Not all emerging markets are showing weakness. Selective markets are performing better than their peers. I’m reviewing below markets that are exposed to strong downward momentum if the MSCI Emerging Markets index breaks below August 2015 low levels.
Turkey BIST 100 index formed head and shoulder chart pattern. Index is in the process of breaking down the year-long top formation. Another week of price action might be needed for confirmation as the index closed at its August low.
Not sure if the top formation on South Africa All Share can be plotted as H&S top, but breakdown below 46,000-46,500 area will result in further weakness in the coming months.
Philippines SE Composite Index is rolling over with a possible H&S top formation. I see this market a strong candidate for further weakness.
Another Asian emerging markets index that has outperformed its peers, is now showing signs of weakness.

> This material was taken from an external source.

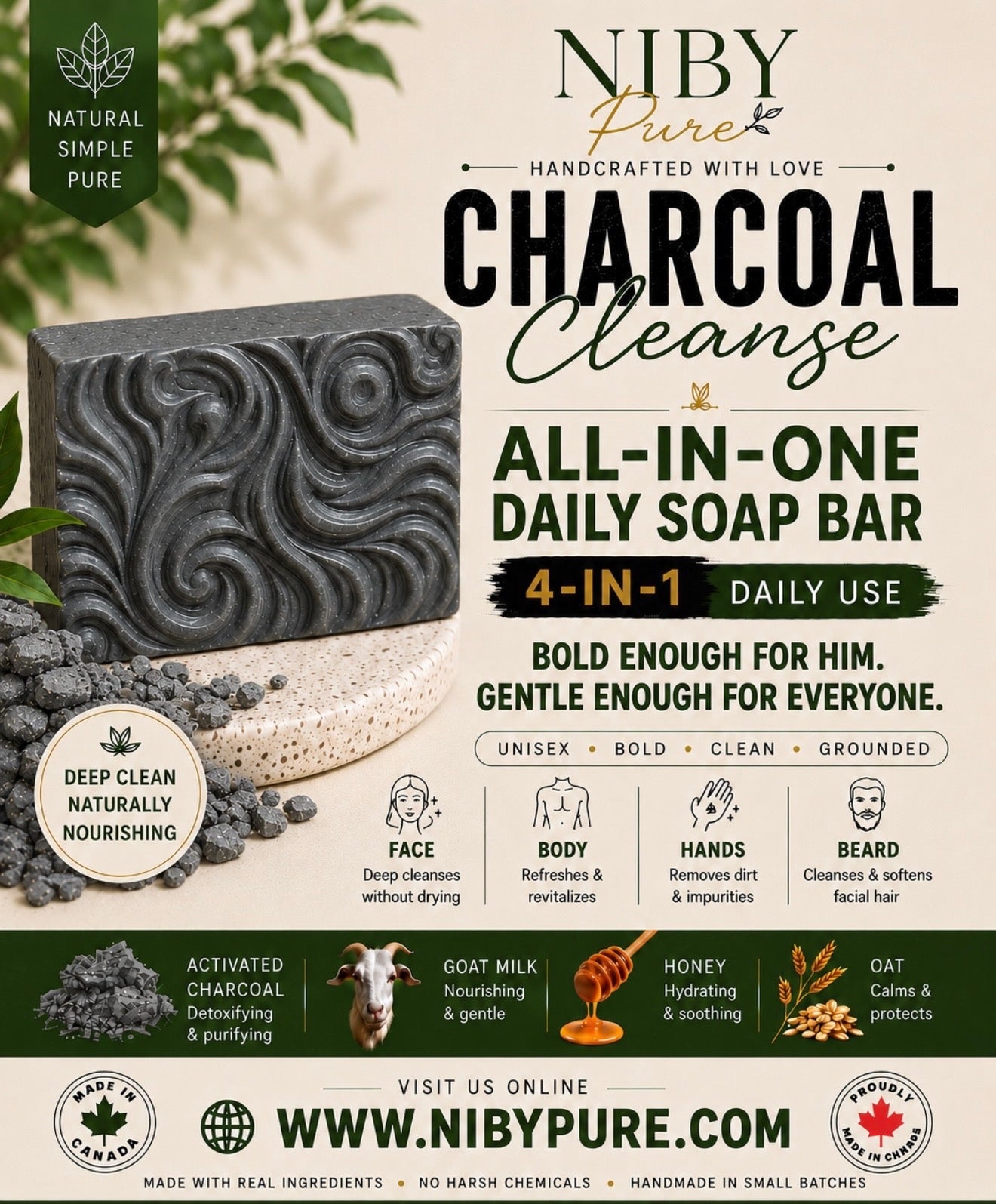 Charcoal Cleanse Soap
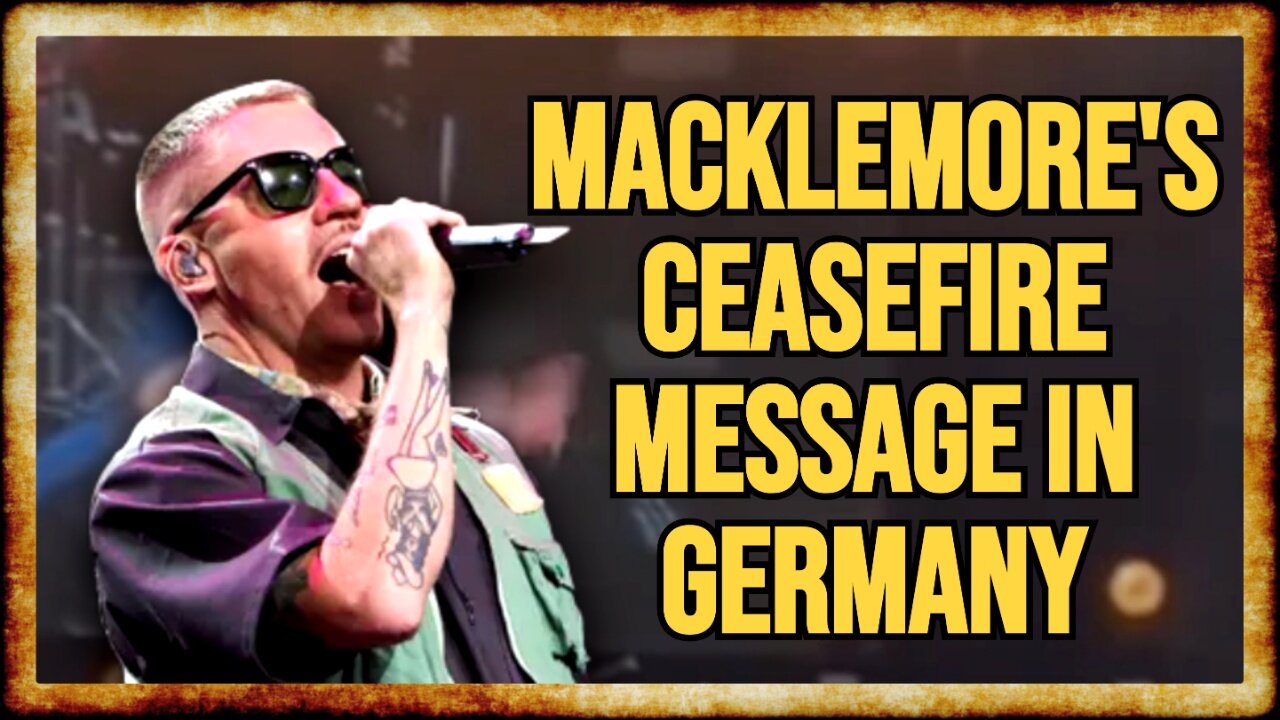 Macklemore FIRES UP German Audience With PASSIONATE Anti-War Speech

While the long-term trend might remain intact, BSE Sensex index can retest 21,200 levels.
Brazil’s Bovespa Index has been in a clear downtrend and it continues to make lower lows. In case of a breakdown on the MSCI emerging markets index, Bovespa can test the lower boundary of its trend channel at 40,000 levels.
Mexico IPC index performed better than its peers. Though, the South American index is also challenging multi-year trend support.
In emerging Europe, Poland’s WIG 20 index is selling off sharply. Index can test 2009 low levels.
Recently upgraded energy economies are facing tough times. With the collapse of oil and gas prices, Qatar’s DMS 20 index started selling off. First support area remains between 8,000 and 8,500.
Egypt’s EGX 30 index is now challenging multi-year trend support. Breakdown could result in further weakness towards 5,000-5,500 area.